Your instructions: Beginning at the line that holds "Eb y flujo 4FT*8FT" and continuing to the last line of the data below, transcribe every line word for word, without pictures.

Given information:
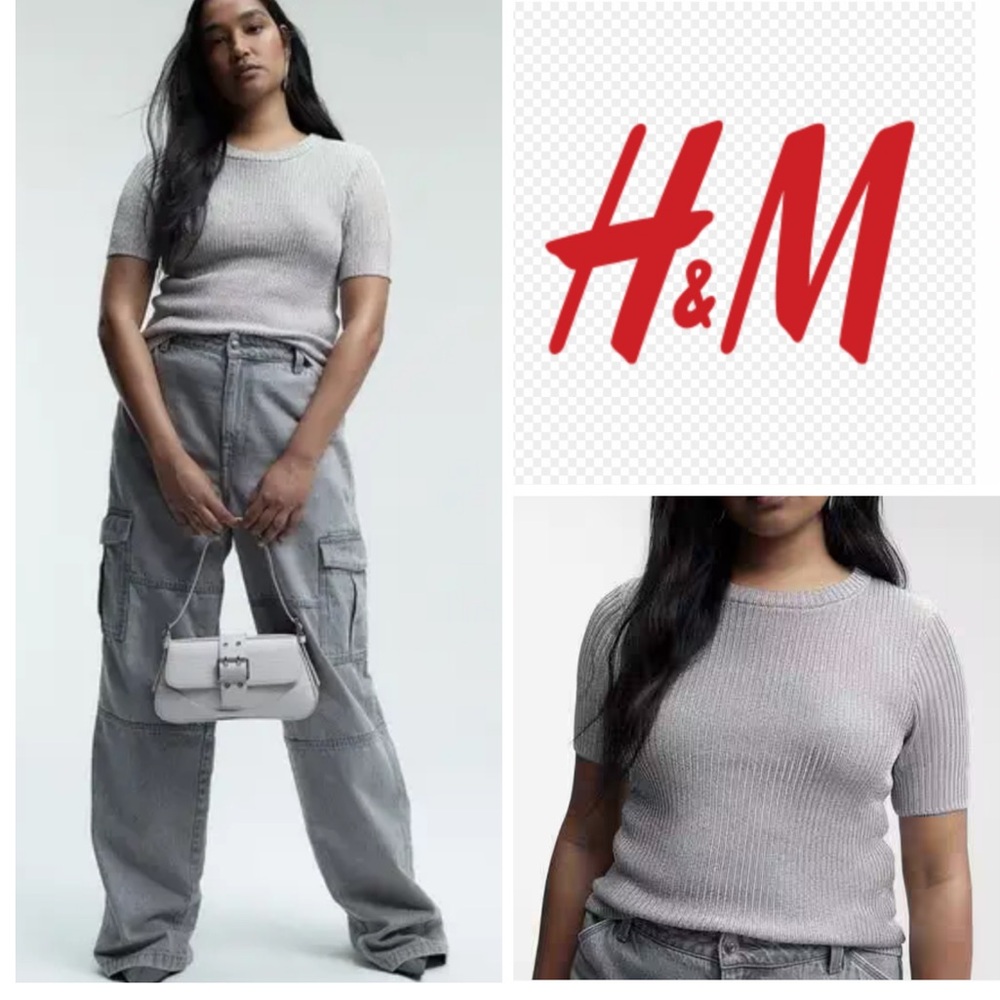 H&M Metallic Rib Knit Top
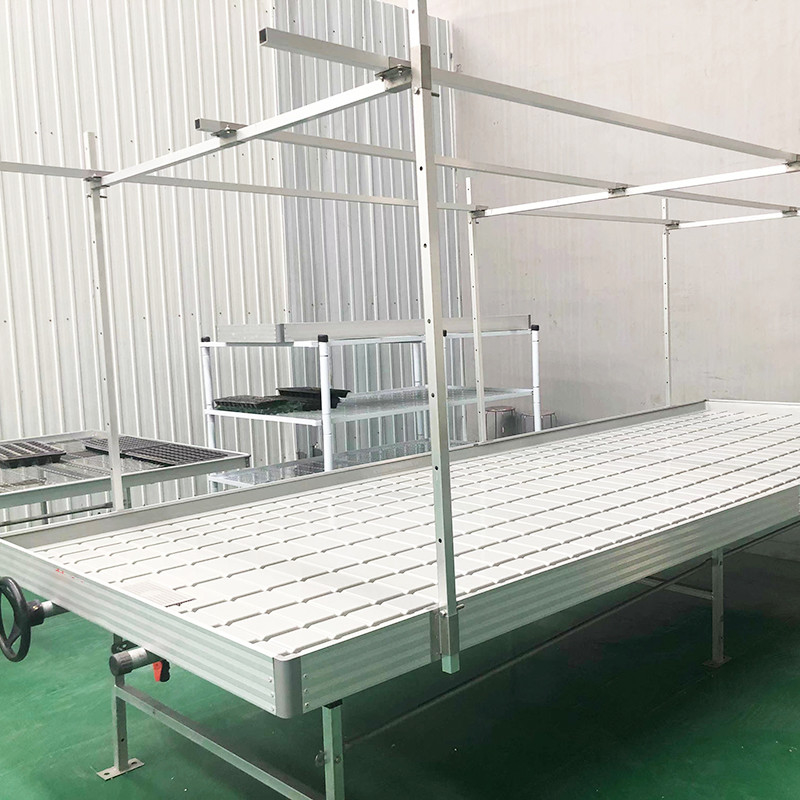 Eb y flujo 4FT*8FT Vertical Hydroponic Movable Roller Bench Tabla de cultivo con poste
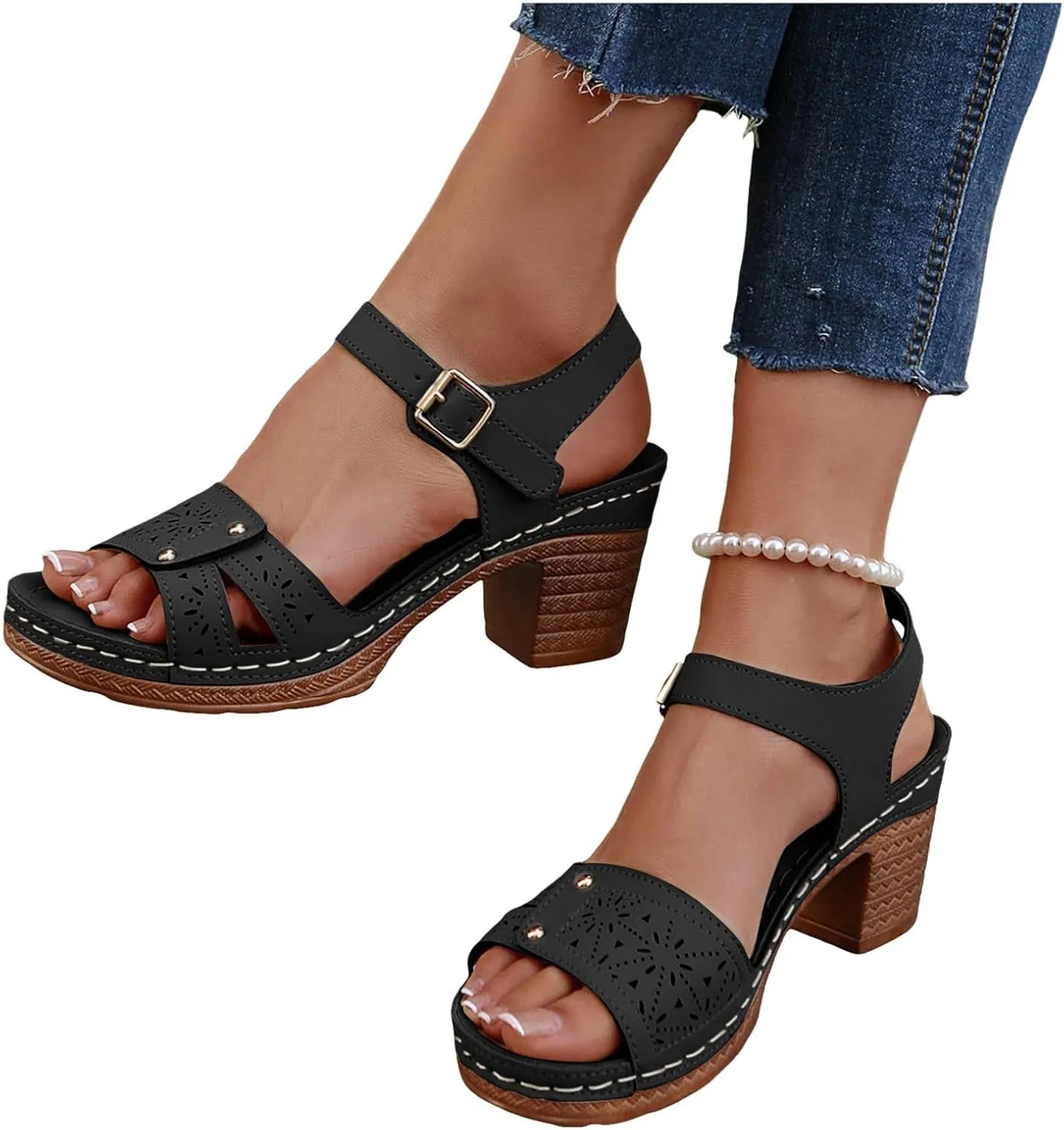 Summer Versatile Chunky Heel Sandals for Women Ankle Strap Wedding Business Dressy Shoes Comfy Business Shoes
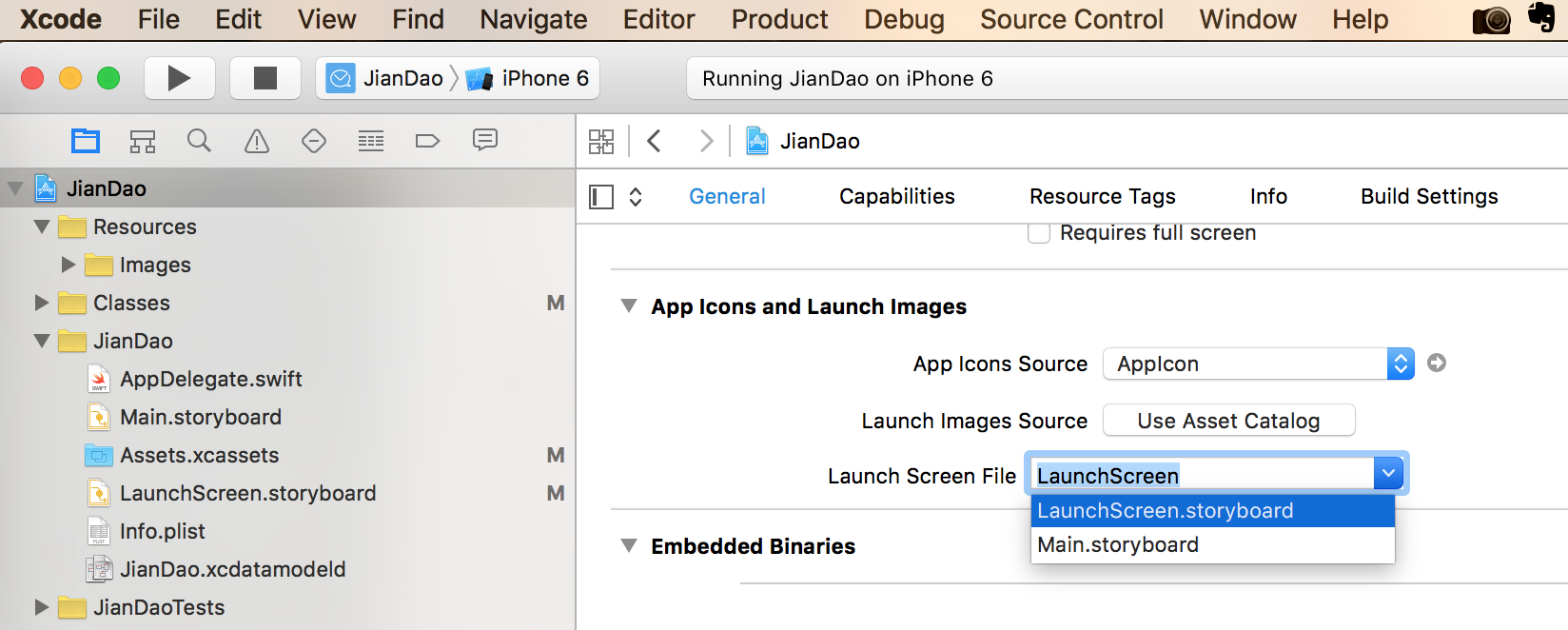 set launch screen file to launchScreen storyboard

Solution:
 Eb y flujo 4FT*8FT Vertical Hydroponic Movable Roller Bench Tabla de cultivo con poste
 Summer Versatile Chunky Heel Sandals for Women Ankle Strap Wedding Business Dressy Shoes Comfy Business Shoes
 set launch screen file to launchScreen storyboard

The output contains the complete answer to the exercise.